Con la sospensione dei 24 CFU del 2022, può presentarsi al concorso statale fino al 31 ottobre 2024 solo chi ha avviato e portato a termine il percorso formativo entro ottobre 2022.
Il percorso da 24 CFU è infatti stato riconosciuto come insufficiente per lo sviluppo e l’acquisizione di competenze specifiche nell’ambito della pedagogia, motivo per cui la base per essere abilitati all’insegnamento torna a essere da 60 CFU con il nuovo DPCM.
Le novità del DPCM: 24 CFU, 30 CFU, 36 CFU e 60 CFU
Quanti crediti serviranno per insegnare? Quanti ne mancano a chi ne ha già 24? Come si conseguono?
Secondo il nuovo DPCM non saranno più sufficienti i canonici 24 Crediti Universitari Formativi per essere abilitati all’insegnamento, ma dovranno essere 60.
Chi è già in possesso dei 24 CFU dovrà integrarli con ulteriori 36, mentre per chi dovesse avere già tre anni di servizio dovrà conseguirne altri 30.
La fase transitoria messa a disposizione degli aventi diritto a seguire percorsi formativi abbreviati durerà fino a dicembre 2024, quando tutta la classe docente dovrà avere per legge 60 CFU.
I percorsi abilitanti, come nelle precedenti misure, non daranno accesso direttamente al ruolo ma sono finalizzati all’abilitazione all’insegnamento, titolo indispensabile per poi sostenere i concorsi statali.
Al Ministero dell’Istruzione spetterà il compito della definizione del numero di docenti necessari nel prossimo triennio, sia per le scuole pubbliche che quelle paritarie o estere.
DPCM, gli obiettivi di formazione docenti
Il nuovo decreto insiste sulle nuove esigenze e sfide cui la scuola oggi deve far fronte, concentrandosi particolarmente sui processi di inclusione, sulla contestualizzazione, sulla comprensione e l’orientamento più che sulla padronanza della materia da parte del docente.

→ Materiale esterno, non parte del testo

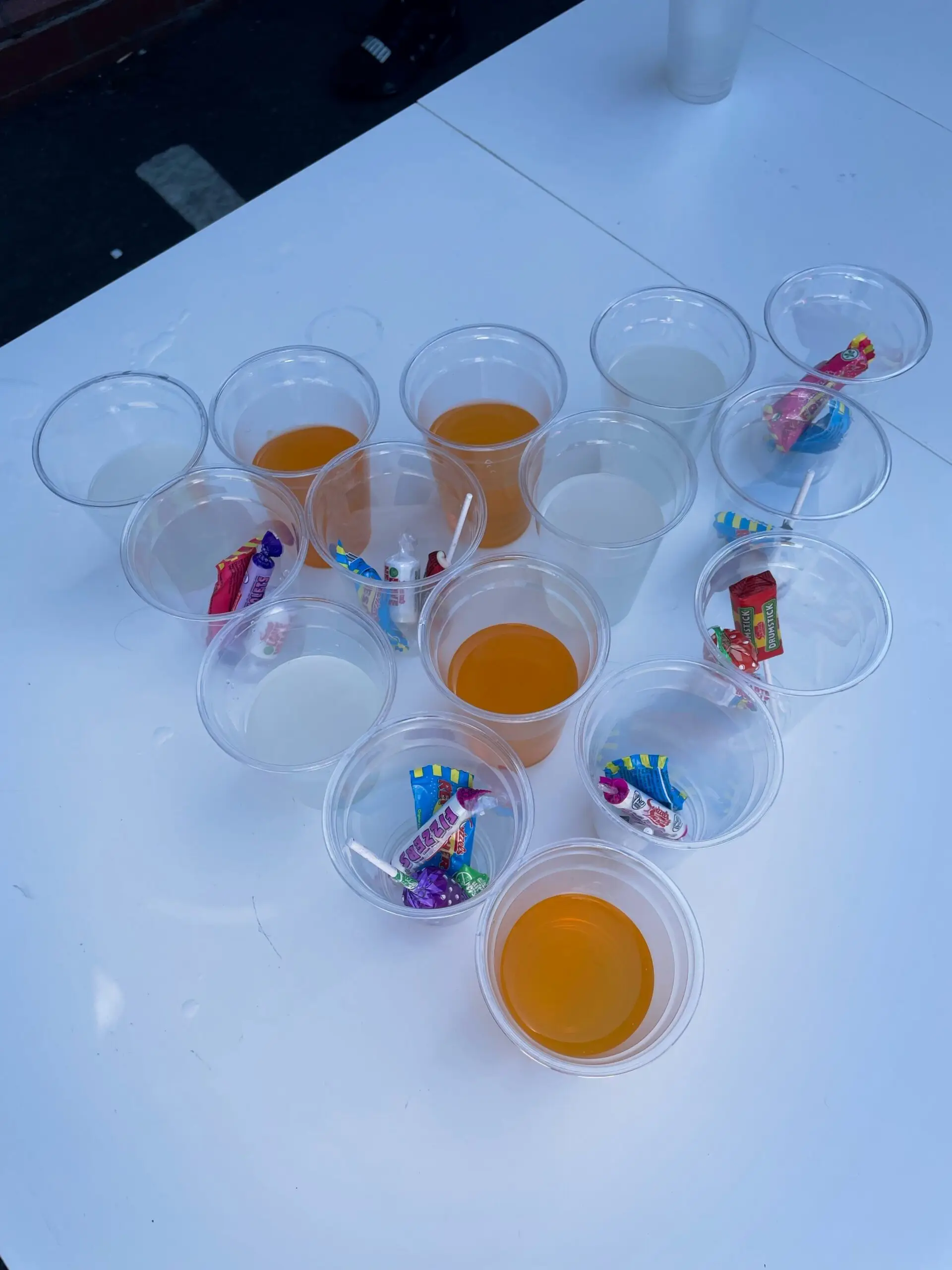 plastic cups in pyramid shape - half filled with juice, half filled with sweets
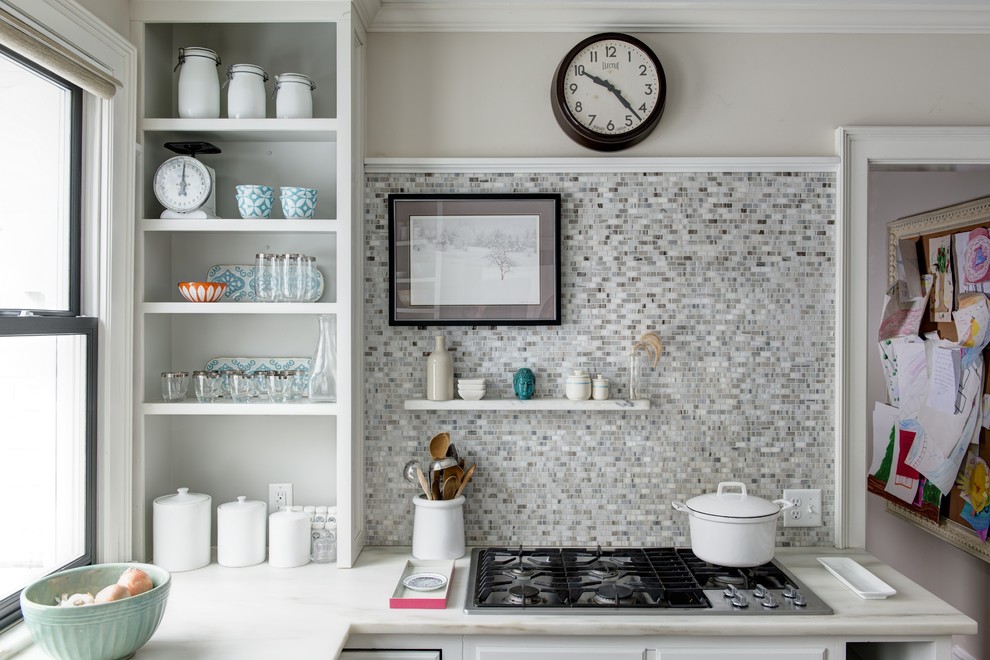 This is an example of a transitional eat-in kitchen in Other with open cabinets, white cabinets, grey splashback, mosaic tile splashback and with island.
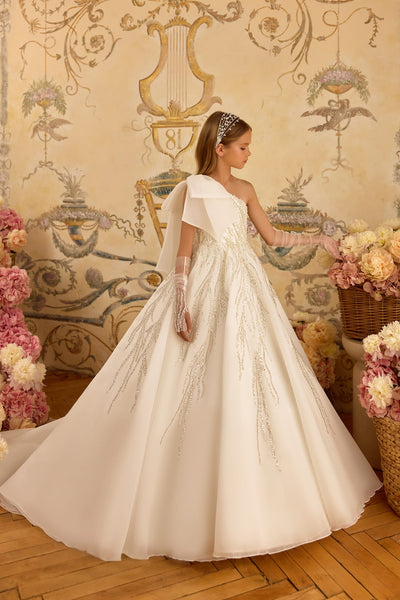 One-shoulder First Communion dress with oversized bow and beaded details in off-white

Il ruolo del docente è stato riformulato e riclassificato, secondo una concezione più complessa della professione che richiede, come specificato nel DPCM, un’articolazione plurale delle aree di sviluppo.
Sono ben 10 le competenze da acquisire da parte dei docenti descritte dal testo:
- disciplinare
- educativa
- psicopedagogica
- organizzativo-relazionale
- metodologica – didattica
- valutativa
- osservativa
- documentaria
- innovativa
- di ricerca
Compito degli atenei che erogheranno i corsi è quello di progettare una trasversalità tra le discipline proposte in modo che interagiscano e si correlino tra loro, nell’ottica di potersi adattare via via alla crescita e alla maturazione degli alunni.
Percorsi formativi 60 CFU: come, dove, cosa, quanto
Il testo del DPCM specifica anche le modalità di erogazione della formazione docenti da parte dei centri universitari.
I percorsi abilitanti dovrebbero partire, dopo la fase di progettazione, attivazione e accreditamento, circa 3 mesi e mezzo dopo la pubblicazione del DPCM, anche se l’emanazione delle norme applicative potrebbe richiedere più tempo.
Saranno a numero chiuso, per questioni di sostenibilità degli atenei, e obbligatoriamente al 50% in presenza e al 50% online, fissando le assenze a un massimo del 40% delle ore previste. Una novità: anche gli studenti universitari potranno frequentare i percorsi abilitanti parallelamente ai loro studi. Ogni candidato infine dovrà seguire un tirocinio nelle scuole accreditate e sostenere alla fine del corso un esame con prova didattica.
Le tempistiche sono tuttavia molto stringenti: le prime abilitazioni sono previste per il 28 febbraio 2024, mentre il decreto prevede che il conseguimento dei primi 60 CFU dei nuovi corsi sia già il 31 maggio 2024.
Per quanto riguarda il costo, il decreto prevede una spesa tra i 2000 i 2500 euro, a cui andrà aggiunto il contributo per l’esame.